## EXERCISE OBJECTIVE:
Print, exactly as they stand, the lines below from the one that has "Valentino Women White Leather Ankle Boots" to the one that has "定制玻璃钢红军景观雕塑", inclusive, leaving out the pictures.

## EXERCISE MATERIAL:
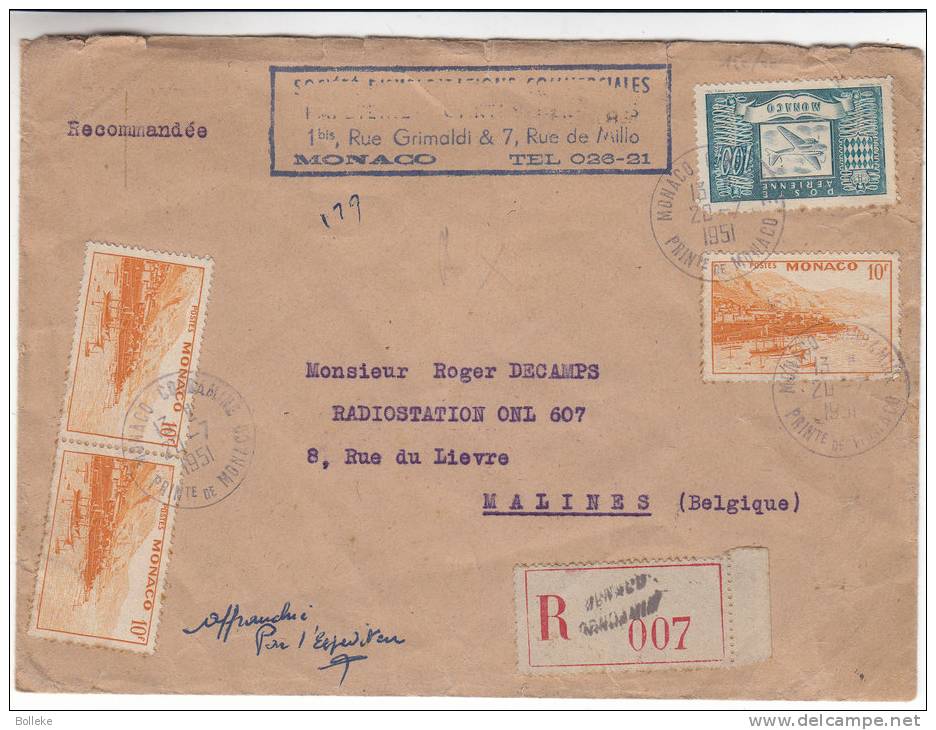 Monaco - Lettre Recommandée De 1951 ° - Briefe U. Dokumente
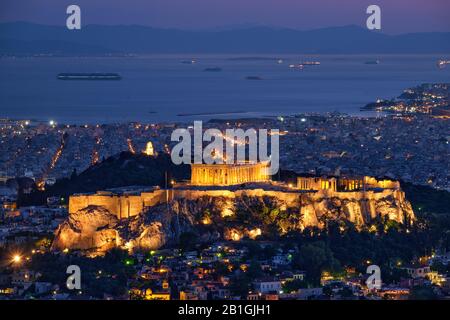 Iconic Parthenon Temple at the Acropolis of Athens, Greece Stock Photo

--

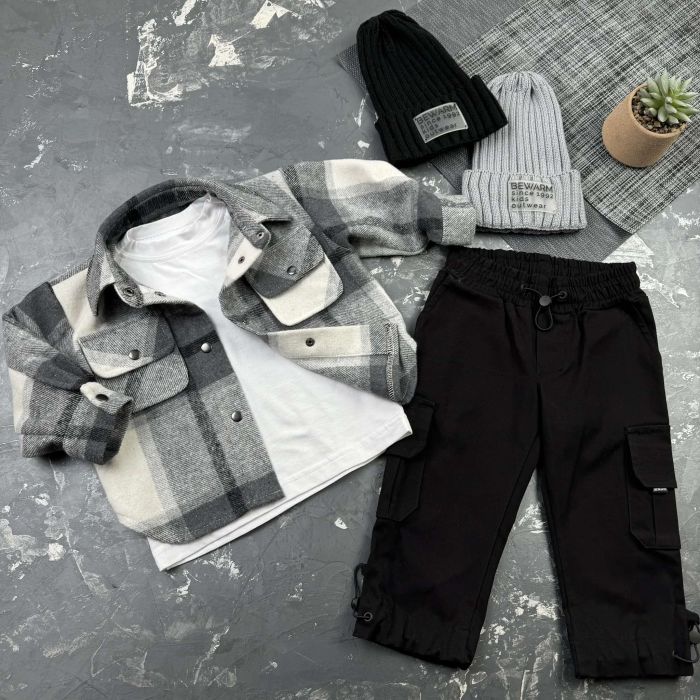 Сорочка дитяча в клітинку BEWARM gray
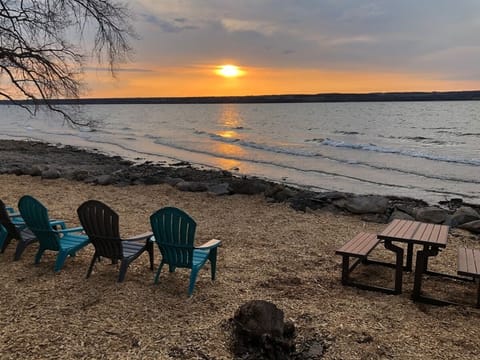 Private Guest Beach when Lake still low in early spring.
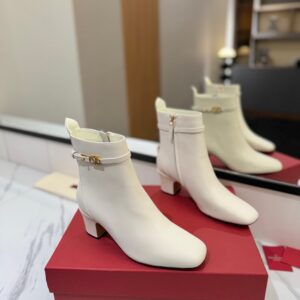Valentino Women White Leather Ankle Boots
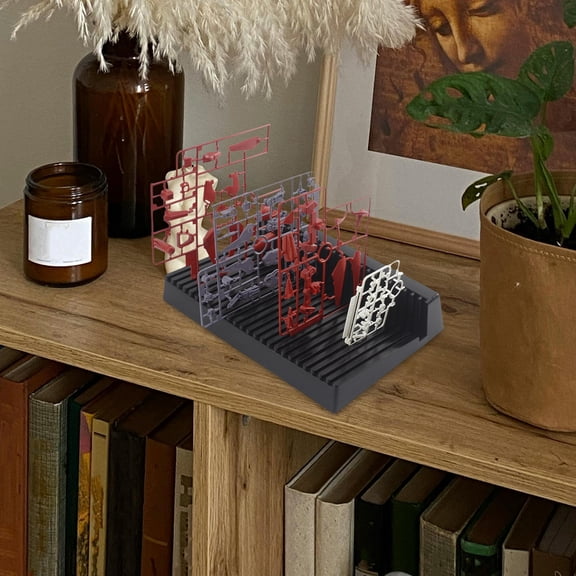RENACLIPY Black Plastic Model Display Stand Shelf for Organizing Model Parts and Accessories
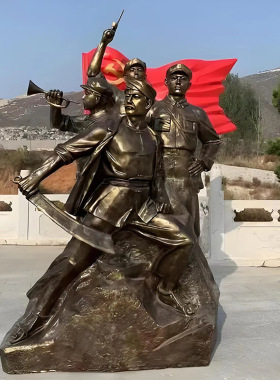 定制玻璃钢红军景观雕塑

...

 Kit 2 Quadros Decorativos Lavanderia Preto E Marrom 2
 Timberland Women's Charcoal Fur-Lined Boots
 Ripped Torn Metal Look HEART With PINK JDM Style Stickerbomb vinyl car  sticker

## SOLVED EXERCISE:
Valentino Women White Leather Ankle Boots
RENACLIPY Black Plastic Model Display Stand Shelf for Organizing Model Parts and Accessories
 定制玻璃钢红军景观雕塑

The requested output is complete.